== Working data

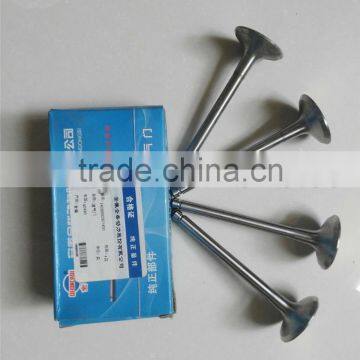 Intake valve 2409500301400(QC495)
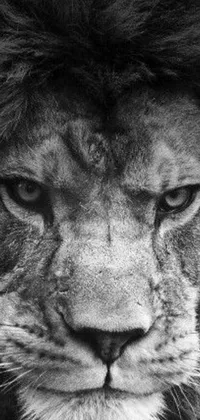 This live wallpaper showcases a stunning black and white photograph of a powerful lion, captured with fear and anger in their eyes
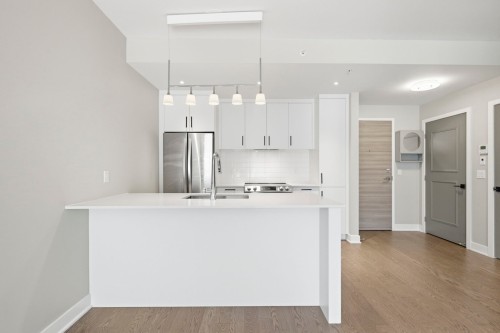 Cuisine - 319B-1400 Rue Ottawa, Montréal (Le Sud-Ouest), QC - Indoor Photo Showing Kitchen With Double Sink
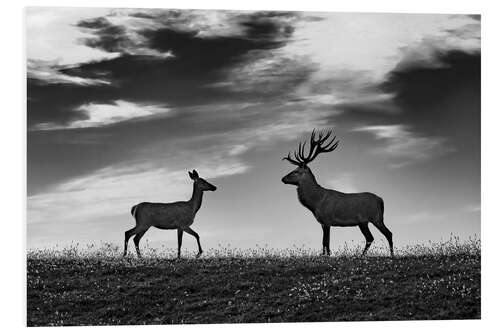 Tableau en PVC Deer and roe deer in a meadow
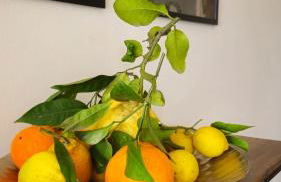 Casa il Frutteto Pompei - Foto 8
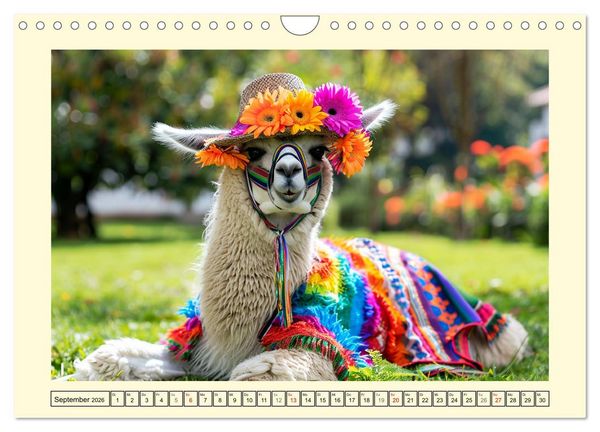 Produktbild: Lamas auf Tour. Perus flauschige Fashion-Ikonen (Wandkalender 2026 DIN A4 quer), CALVENDO Monatskalender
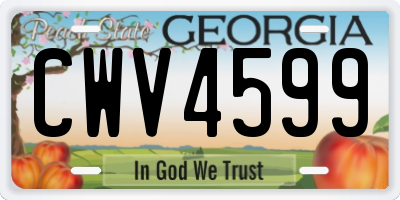 GA license plate CWV4599
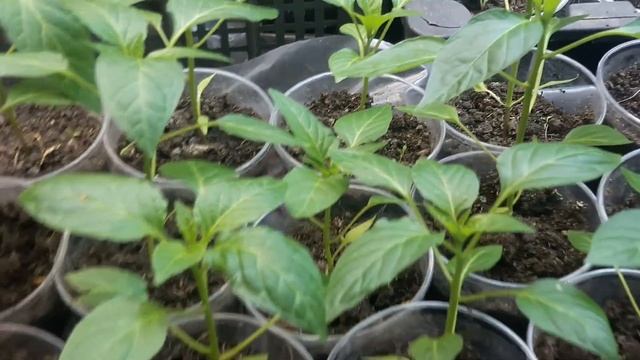 ОБЗОР РАСТИШЕК ТАБАКА, ПЕРЦЕВ, ТОМАТОВ ч 2 смотреть онлайн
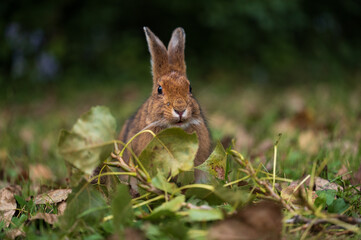 Brown rabbit in a pile of leaves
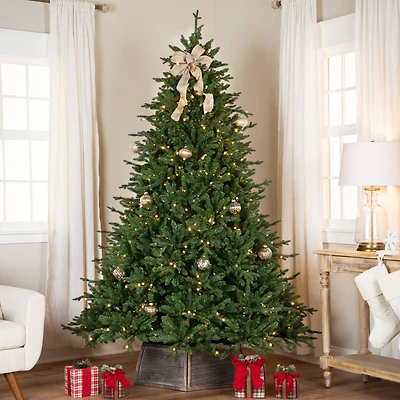 6.5ft. Pre-Lit Real Touch™ Cumberland Pine Artificial Christmas Tree, Warm White LED Lights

====

### What you have to do
Produce an exact copy of the records above, leaving out the pictures.

### Completed exercise
 Intake valve 2409500301400(QC495)
 This live wallpaper showcases a stunning black and white photograph of a powerful lion, captured with fear and anger in their eyes
 Cuisine - 319B-1400 Rue Ottawa, Montréal (Le Sud-Ouest), QC - Indoor Photo Showing Kitchen With Double Sink
 Tableau en PVC Deer and roe deer in a meadow
 Casa il Frutteto Pompei - Foto 8
 Produktbild: Lamas auf Tour. Perus flauschige Fashion-Ikonen (Wandkalender 2026 DIN A4 quer), CALVENDO Monatskalender
 GA license plate CWV4599
 ОБЗОР РАСТИШЕК ТАБАКА, ПЕРЦЕВ, ТОМАТОВ ч 2 смотреть онлайн
 Brown rabbit in a pile of leaves
 6.5ft. Pre-Lit Real Touch™ Cumberland Pine Artificial Christmas Tree, Warm White LED Lights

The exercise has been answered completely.